What I’m going to talk about next is probably going to be markedly similar to my post about love.

Remember, the recipe for stability is a rich set of behaviors between the constituents of the system. So, an electron and a proton are able to organize themselves into the “stable” and “orderly” configuration of hydrogen because of the underlying interaction between two particles of opposite electric charge.

Hydrogen is all well and good, but I want human beings, I don’t just want hydrogen. How do we get from hydrogen to human beings? In other words, how does one stable system bring forth another stable system.

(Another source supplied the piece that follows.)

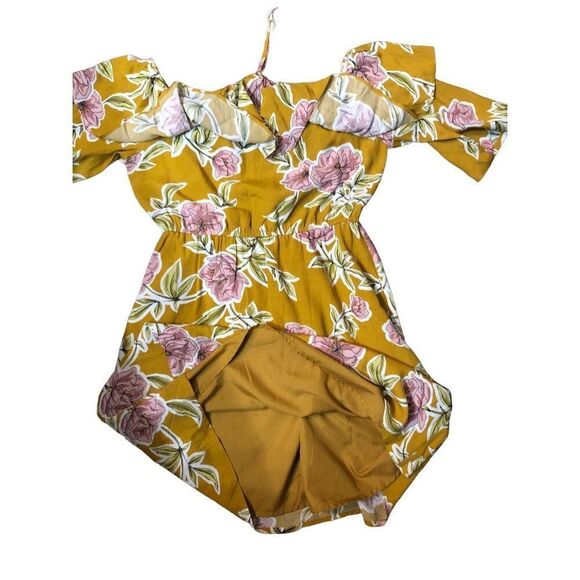 Fonda Ruffle Detail Cupcakes and Cashmere Floral Print Dress, Yellow/Gold, XS - Picture 12 of 16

Remember the recipe. For stability to occur, we need a rich set of behaviors between the constituents of the system. So, if we want hydrogen (and perhaps some other atoms) to build themselves into systems of increased complexity, we need them to be able to interact with one another. Because of the whole business of stable orbitals, certain atoms do interact with one another, and therefore are able to form stable configurations, which we call molecules. On the other hand, helium, while incredibly stable, isn’t able to “help” other atoms create systems of greater complexity (molecules) because it doesn’t interact with any such atoms.

As an interesting side note, even though helium is pretty tame from the perspective of chemistry, it does still interact with other particles in an entirely different context. Because helium is light and stable, in the presence of a dense, gravitationally dominant object, a mixture of helium and other heavier gases will push helium to the top due to helium’s low density. This is a perfect example of a stable characteristic of a system, which means that an atmosphere could be considered a stable and orderly system. So again, any time the constituents of a system exhibit a rich set of stable interactions, there is potential for the system to be stable and orderly.

I think you probably get the idea. I’m at seven pages, so I should probably wrap this sucker up, but I think there should be a big takeaway here. If you want to propagate complexity and order, you want stable systems that exhibit stable behaviors. That’s all for now.